Ну, разве что Шумахер, тогда ладно…
И тут произошло то, чего, собственно, и следовало ожидать. Вот только Бекас совсем не был готов к тому, что это произойдет здесь и сейчас, да еще и на его глазах.
Самого «лексуса» на фоне черного леса видно не было, но неожиданно и как-то дико метнулись вверх задние фонари машины, прочертив в темном небе непонятный иероглиф, после чего джип, кувыркаясь и беспорядочно светя в разные стороны, полетел прямо в лес. До места аварии было метров семьсот, но даже на таком расстоянии Бекас смог услышать страшные звуки разбивающегося стекла, и железа, рвущегося о стволы равнодушных деревьев.
Притормаживая, Виктор осторожно приблизился к месту катастрофы и выскочил из машины.

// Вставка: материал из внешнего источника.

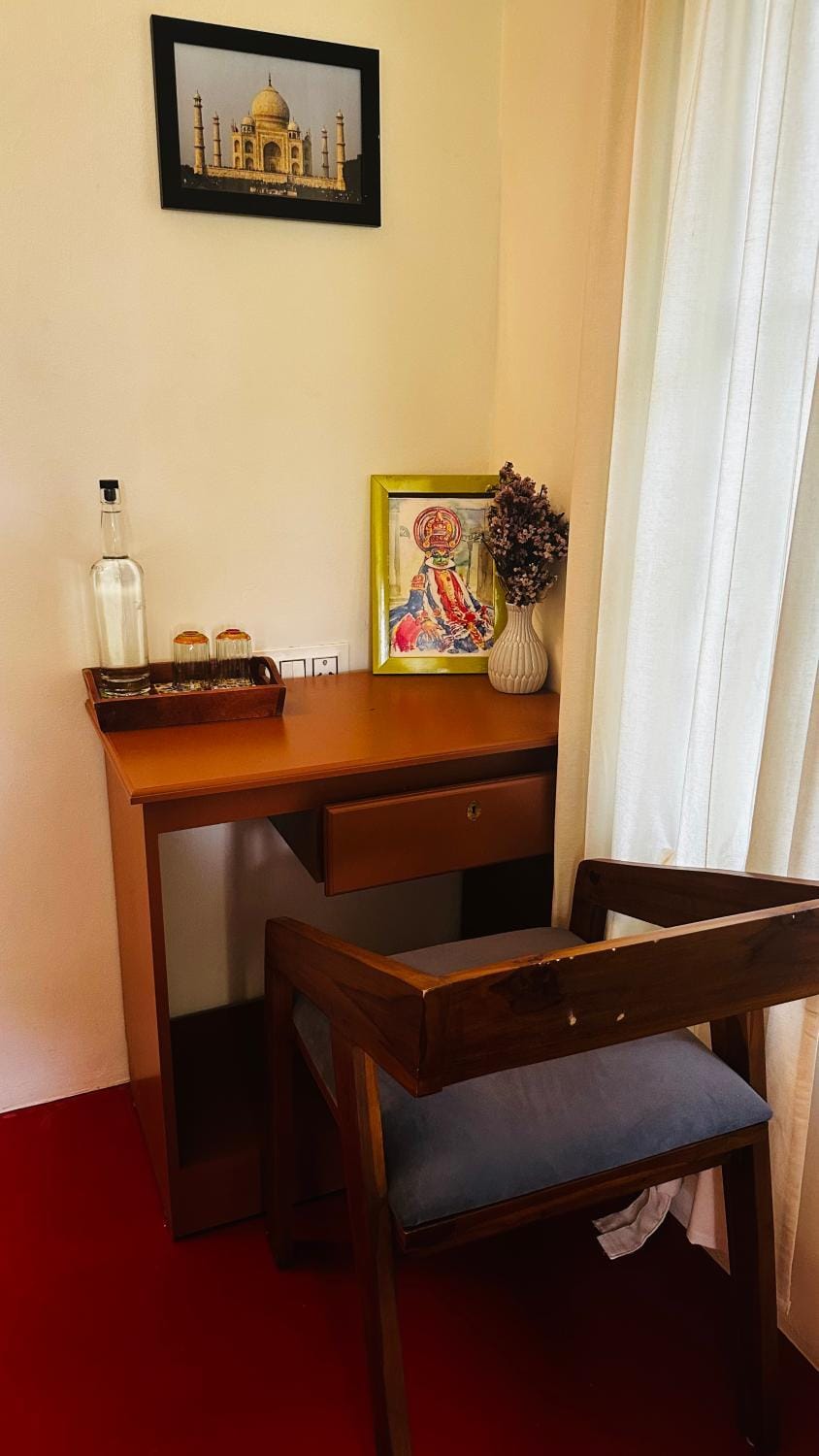 Bedroom, furniture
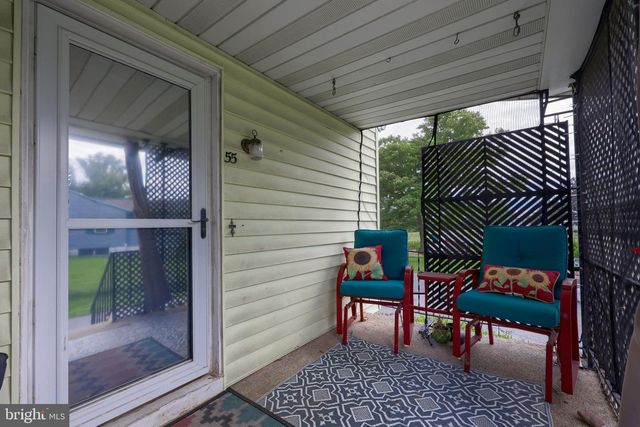 55 LARKSPUR LN, Elizabethtown, PA 17022
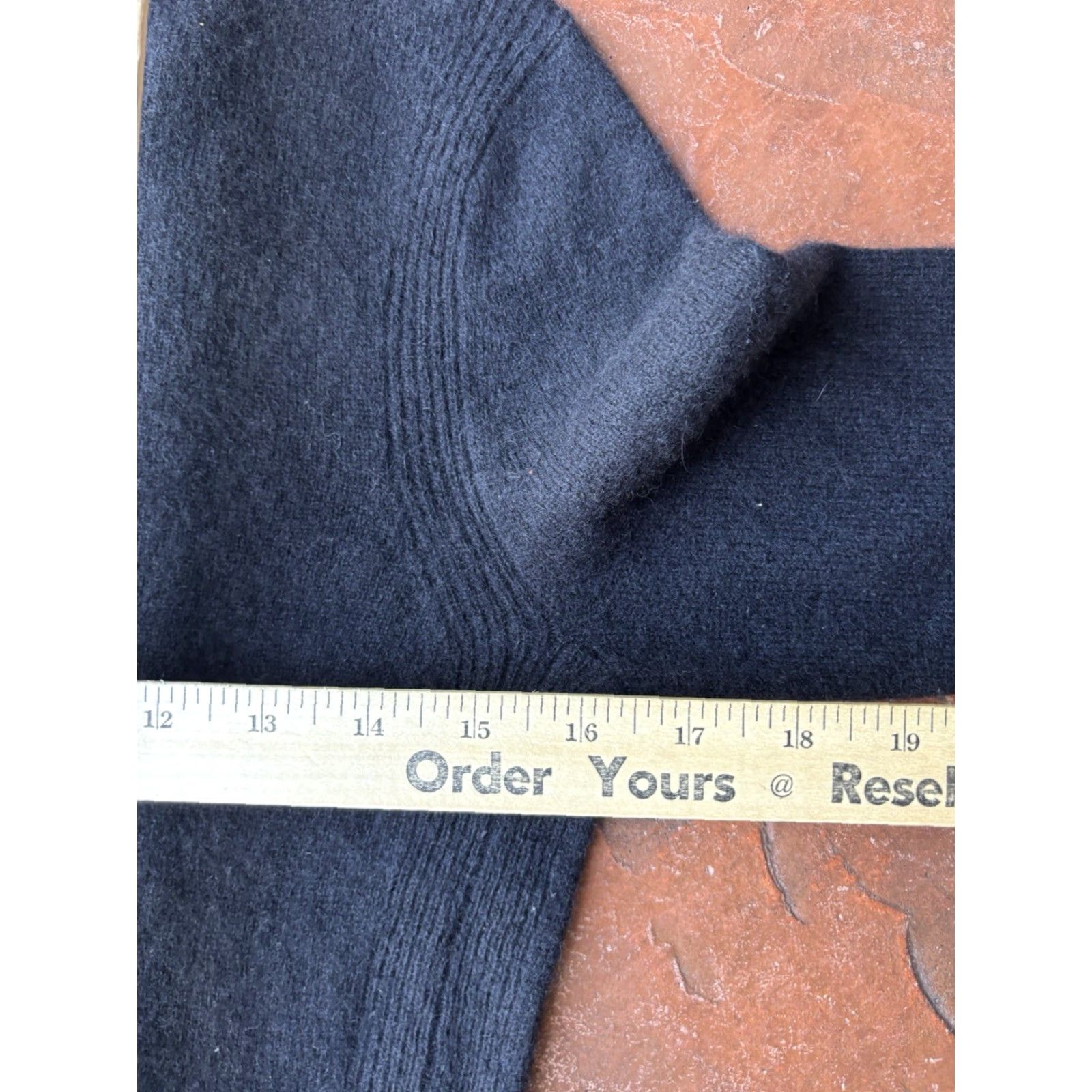 Saks Fifth Avenue Saks Fifth Avenue Cashmere Sweater Womens XS Black Puff Sleeve Crew Neck Pullover 100% Cashmere Knit Size XS / US 0-2 / IT 36-38 - 4 Thumbnail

«Может, помочь еще можно», — подумал он, подбегая к изуродованному «лексусу». Но помочь тут мог только гример из морга или таксидермист.
Дорогой «лексус» превратился в кучу металлолома и напоминал смятую пачку из-под сигарет. В воздухе странно повисло пахучее облачко дорогой туалетной воды, вылетевшее из помятого салона иномарки.
Осторожно обходя машину, Виктор в темноте задел головой ветку дерева, вздрогнул и резко обернулся.
Перед его лицом в воздухе висела окровавленная разорванная человеческая маска. Одного из пассажиров «лексуса» выбросило из салона и насадило спиной на сосновый сук в двух метрах от земли. Он висел вверх ногами, хотя вообще-то было трудно понять, где у него ноги, а где — что.
Потрясенный увиденным, Бекас сделал шаг назад и, спотсагувшись о что-то не совсем мягкое, упал на спину. Он тут же вскочил на ноги. Сердце билось, как у землеройки. Нагнувшись, он увидел то, что попало ему под ноги. На земле, в ворохе мокрой перепревшей листвы, лежала сумка из ослиной шкуры. Он видел однажды у своего приятеля, коллекционировавшего реалии Третьего рейха, ранец солдата вермахта, сделанный из такой же серо-коричневой шкуры.
Он расстегнул молнию и увидел… аккуратные пачки стодолларовых купюр.
— Всего-то, — сердце Бекаса дало паузу секунд на пять, а когда оно снова забилось, Бекас перевел дух и огляделся. Дорога в обе стороны была пуста.
Рядом раздался протяжный скрежет, и «лексус» слегка осел, принимая более удобное с точки зрения законов физики положение.
Одна из дверей распахнулась, и из салона выпал еще один труп с пачкой сигарет в окровавленной руке. Головы у трупа не было.
— Прямо «Мастер и Маргарита» какая-то полу чается, — тихо вслух сказал Бекас, чтобы хоть как-то себя подбодрить. Голову он искать не стал, а вместо этого подхватил сумку и рванул к своей машине.
Закинув сумку в багажник, Бекас подумал о том, что сейчас, по законам жанра, двигатель должен не завестись, а сам он, нервничая, должен терзать трясущимися руками ключ в замке зажигания и бормотать в панике: «Комон, бэйби, комон!»
Но «копейка» не подвела. Значит, врут американские кинофильмы! Двигатель завелся, и Бекас, не совсем веря в реальность происходящего, тронулся с места, направляя автомобиль в сторону города, предоставив мертвым право хоронить своих мертвецов.
По дороге он подумал о нереальности происходящего. Может, это белая горячка? Вот сейчас, зажжется свет, изменятся звук и изображение, он окажется привязанным к больничной койке, капельница в вене, а вокруг будут стонать и метаться братки-алкоголики. Может, не было никакой аварии, и не лежала у него в багажнике сумка с баксами, и не ехал он в старой «копейке» по ночному Черниговскому шоссе? Хотелось ущипнуть себя побольнее.
Увидев огни поста ГАИ, Бекас скинул скорость до сорока, как положено дисциплинированному водителю, и несколько раз глубоко вздохнул. Сейчас тебя ущипнут.